Member of the U.S. House of Representatives from Minnesota's 2nd district
- In office January 3, 2017 – January 3, 2019
- Preceded by: John Kline
- Succeeded by: Angie Craig

Personal details
- Born: Jason Mark Lewis September 23, 1955 (age 70) Waterloo, Iowa, U.S.
- Party: Republican
- Spouse: Leigh Lewis
- Children: 2
- Education: University of Northern Iowa (BA) University of Colorado, Denver (MA)

= Jason Lewis (Minnesota politician) =

American politician (born 1955)

Jason Mark Lewis (born September 23, 1955) is an American politician and former conservative radio personality who served as the U.S. representative for Minnesota's 2nd congressional district from 2017 until 2019. The district included most of the southern suburbs of the Twin Cities. A member of the Republican Party, he was a radio talk show host and a conservative political commentator before serving in Congress. He hosted the nationally syndicated Jason Lewis Show, based out of KSTP (AM) in the Minneapolis–Saint Paul radio market, from 2009 to 2014.

Lewis was elected to Congress in 2016 defeating Democrat Angie Craig. He succeeded retiring Republican incumbent John Kline. He lost his bid for a second term in 2018 in a rematch against Craig. He was the Republican nominee in the 2020 U.S. Senate election in Minnesota. He was defeated by incumbent Democrat Tina Smith by a margin of 5.2 points, making it the closest Senate election in Minnesota since 2008. Some election observers attribute this close election to two pro-marijuana legalization parties taking a combined 7.69% of the vote.

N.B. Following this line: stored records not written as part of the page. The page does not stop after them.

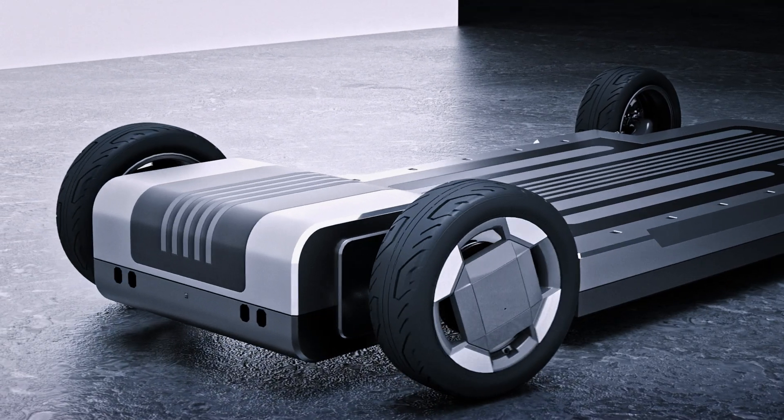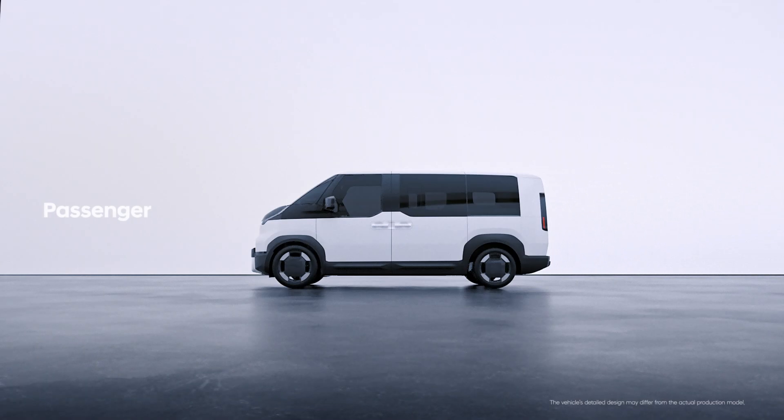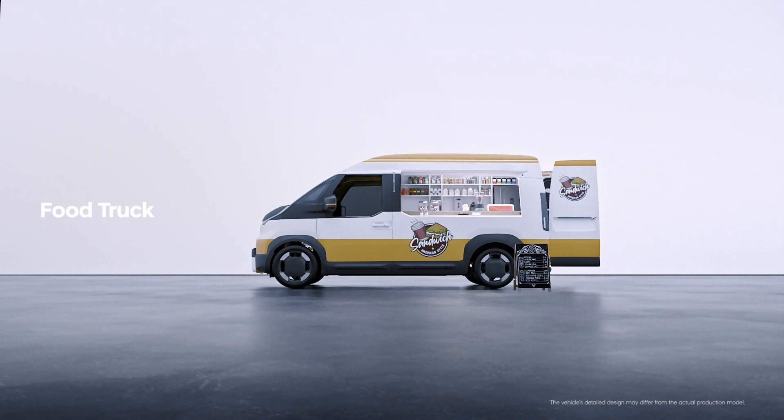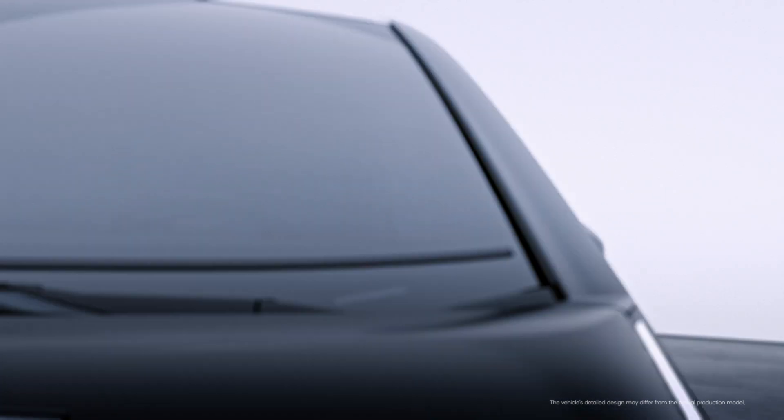Hmm, what should I turn into? Oh, nice. Pretty cool. Ooh, I like this. Oh right, this is the one. So, where am I headed next?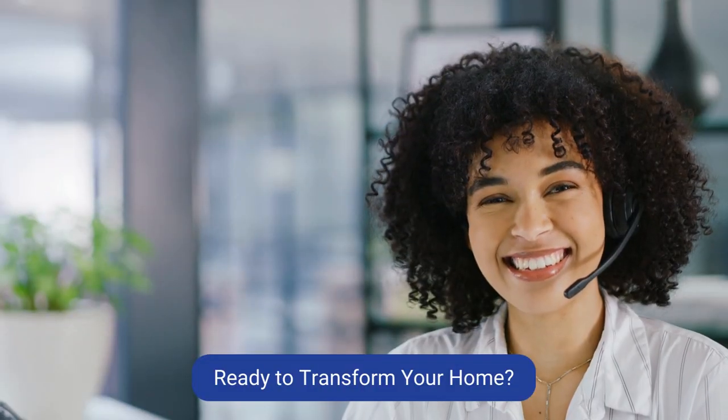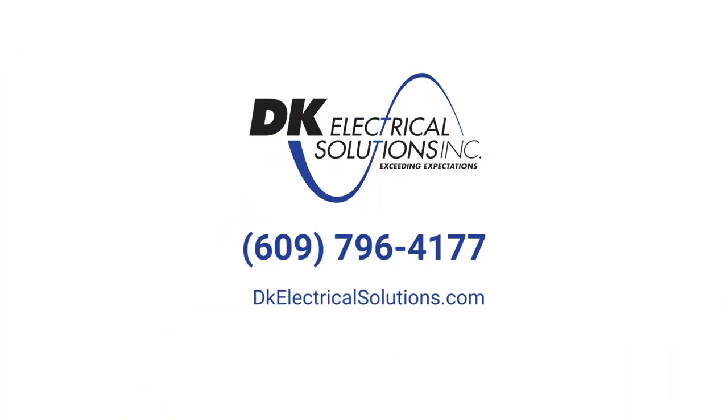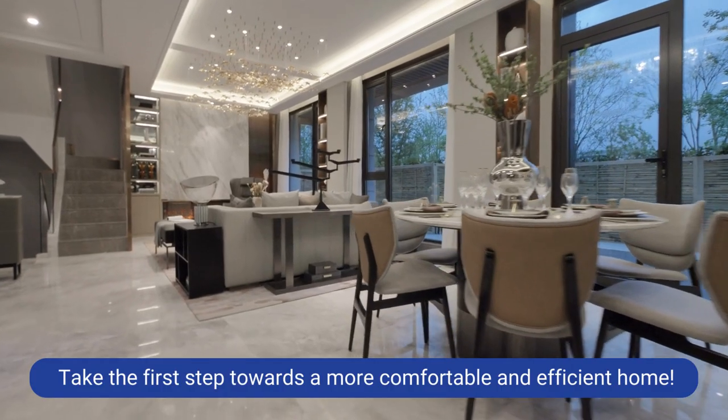Ready to transform your home? Contact DK Electrical Solutions today to get a quick quote and schedule your appointment. Take the first step towards a more comfortable and efficient home.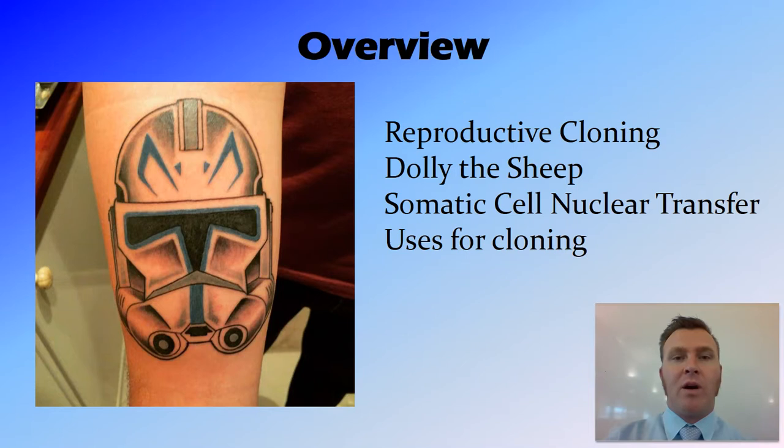In this video, we've talked about reproductive cloning — the process of cloning a whole organism, getting an exact genetic copy of that organism. We've talked about Dolly the sheep, the first time this occurred from a somatic cell in a mammal. We then went through somatic cell nuclear transfer, where a somatic cell is taken from a donor and placed into an empty egg from an egg donor. That egg is then placed inside a surrogate and the clone is born with the exact DNA of the DNA donor. We've also talked about some of the uses for cloning in industry, medicine, and agriculture. Thanks for watching, guys. Peace out.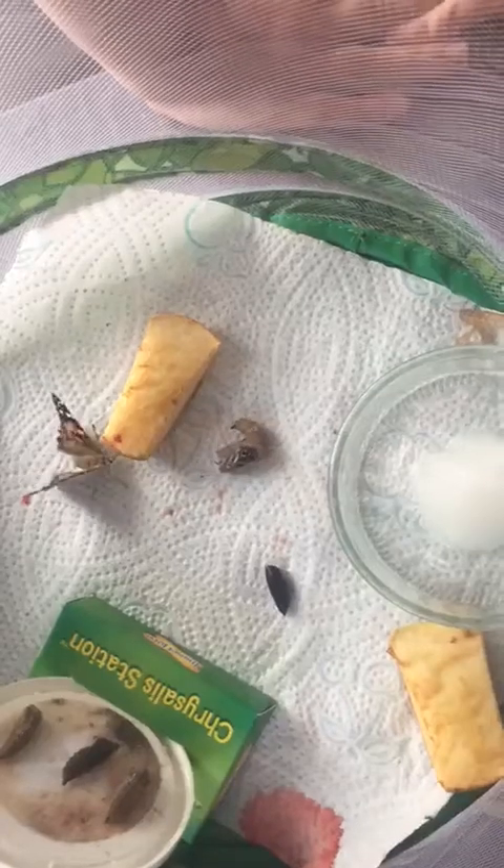Wow! Look, she's flapping her wings. She's so happy. Look!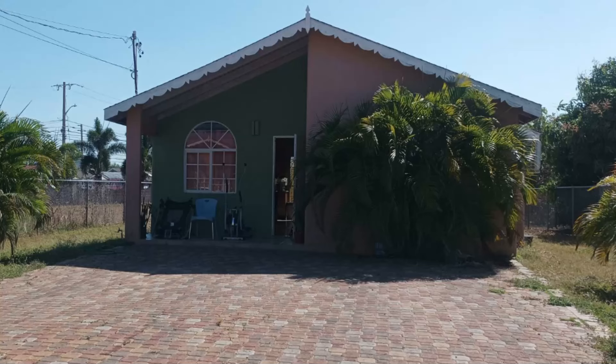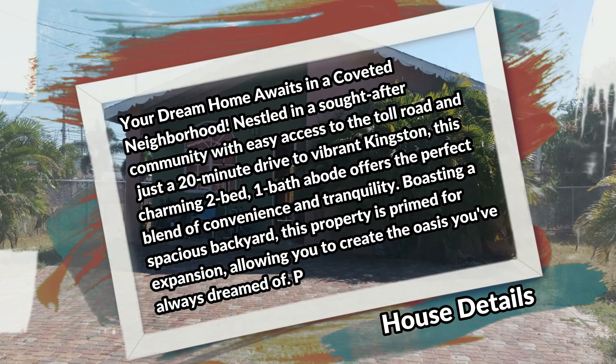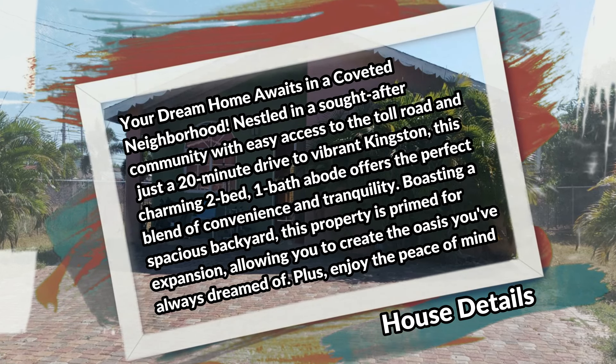What's up guys, welcome back to the channel. Today I'm bringing you this two-bedroom, one-bathroom house for sale at Coastal Ring, New Harbor, Old Harbor, St. Catherine. Your dream home awaits in a coveted neighborhood nestled in a sought-after community with easy access to the toll road and just 20 minutes drive to vibrant Kingston.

==Early life and education==
Lewis was born in 1955 in Waterloo, Iowa. He earned a master's degree in political science from the University of Colorado at Denver as well as a Bachelor of Arts in education and business from the University of Northern Iowa.

==Career==

=== Radio ===
Lewis's show was syndicated nationally by the Premiere Radio Networks and the Genesis Communications Network. Before that, he broadcast locally for ten years on KSTP in the Minneapolis/St. Paul metropolitan area and then on WBT in Charlotte, North Carolina, for three years. In 2006 Lewis moved back to Minnesota to the newly established KTLK-FM.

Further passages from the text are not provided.